La croissance d'Airbnb se confirme en Suisse

La croissance d'Airbnb se confirme en Suisse

Photo: Keystone

La forte croissance du site de location d'appartements Airbnb se confirme en Suisse, selon une étude. Celle-ci évalue à un million le nombre de nuitées que la société américaine devrait générer cette année en Suisse et à 80 millions dans le monde.

Depuis 2014, l'offre Airbnb en ce qui concerne le nombre d'objets loués a plus que doublé, souligne cette étude - qui a pu recenser 90% de l'offre en Suisse - publiée jeudi par l'observatoire valaisan du tourisme en partenariat avec la HES-SO Valais. Entre octobre 2014 et octobre 2015, ce chiffre est passé de 6033 à 12'937.

Dans plusieurs cantons, l'offre excède ou avoisine les 1000 objets: Zurich (2117), Valais (1737), Genève (1633), Vaud (1437), Berne (1158), Bâle-Ville (1140) et Grisons (934). Ces régions fortement peuplées ou touristiques représentent environ 80% de l'offre Airbnb en Suisse.

Forte offre en Valais

Le nombre de lits proposés a lui progressé de 60% sur un an, à 33'374. Dans ce domaine, le Valais se place en tête avec 8139 lits (part de marché de 24,4%), devant les Grisons (3967 lits, soit 8,8%). Suivent Vaud, Zurich, Berne, Genève, Bâle-Ville et le Tessin. Ces régions assurent 85% de l'offre de lits Airbnb en Suisse.

La plateforme Internet concurrence l'hôtellerie classique avant tout dans les cantons urbains.
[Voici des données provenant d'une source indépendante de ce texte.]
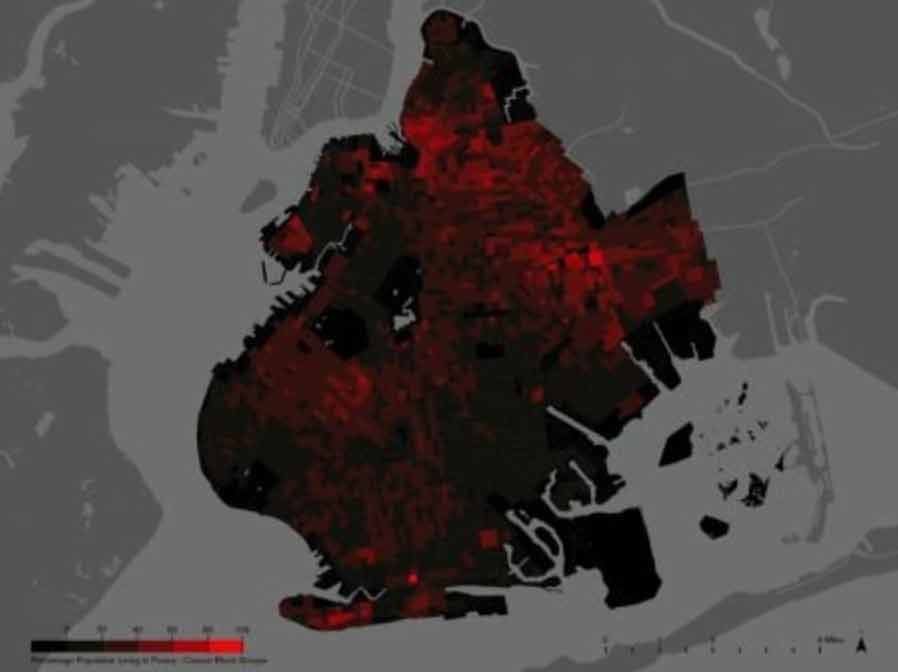 Percentage population living in poverty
Ainsi, à Bâle-Ville, le nombre de lits proposés par le site est équivalent à 31% de l'offre hôtelière, contre 19% dans le canton de Vaud et 17% dans celui de Genève, alors que la moyenne suisse se situe à 13%. L'offre est également en forte progression en Valais, avec une 'part de marché' de 25%.
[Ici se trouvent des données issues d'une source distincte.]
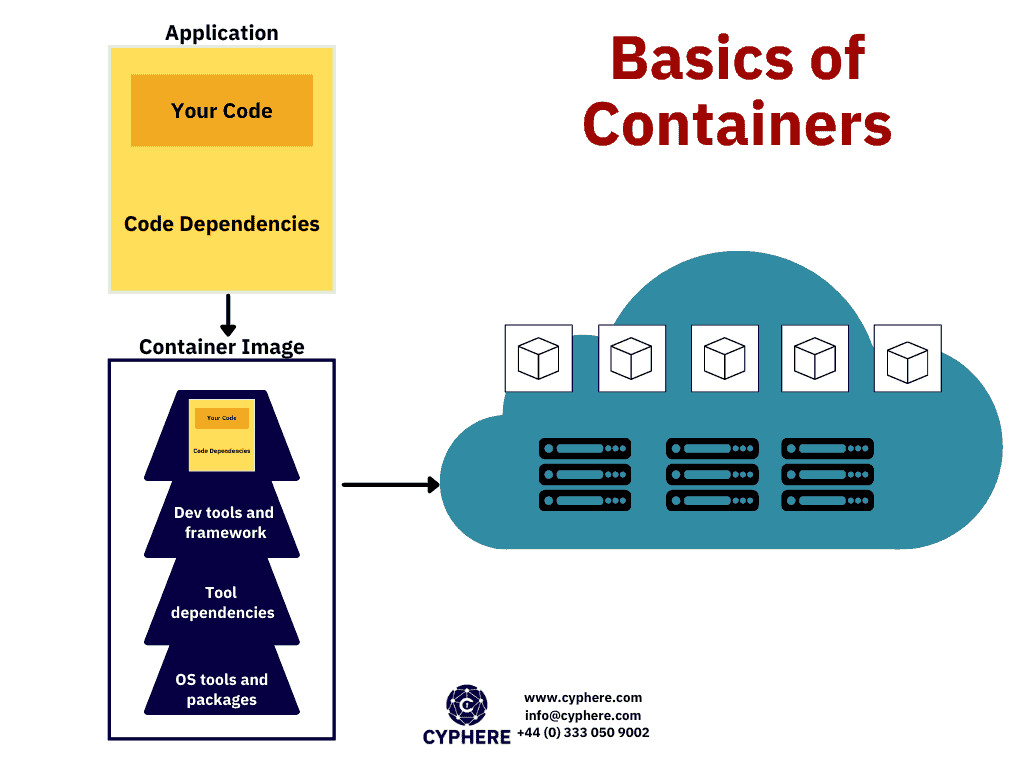 basics of containers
Dans les zones urbaines, les prix moyens varient entre 84 francs par lit à Zurich et 129 francs par lits à Bâle. Dans les régions traditionnelles de vacances, les tarifs sont sensiblement moins chers: 58 francs par lit dans les Grisons et 71 francs par lit en Valais.

Environ 66% de l'offre est administrée par un seul loueur, qui ne propose aucun autre objet sur Airbnb et qui est sans doute un particulier, note l'étude. Les loueurs proposant deux objets représentent 15% de l'offre. Un peu moins de 20% de l'offre est administrée par des loueurs proposant plus de deux objets, donc vraisemblablement par des professionnels.

Question de régulation

L'irruption de professionnels sur ces plateformes renforce d'autant le débat autour de la régulation de l'économie du partage, notent les auteurs de l'étude. Selon eux, trois stratégies sont à disposition des pouvoirs publics afin de repenser la régulation du tourisme.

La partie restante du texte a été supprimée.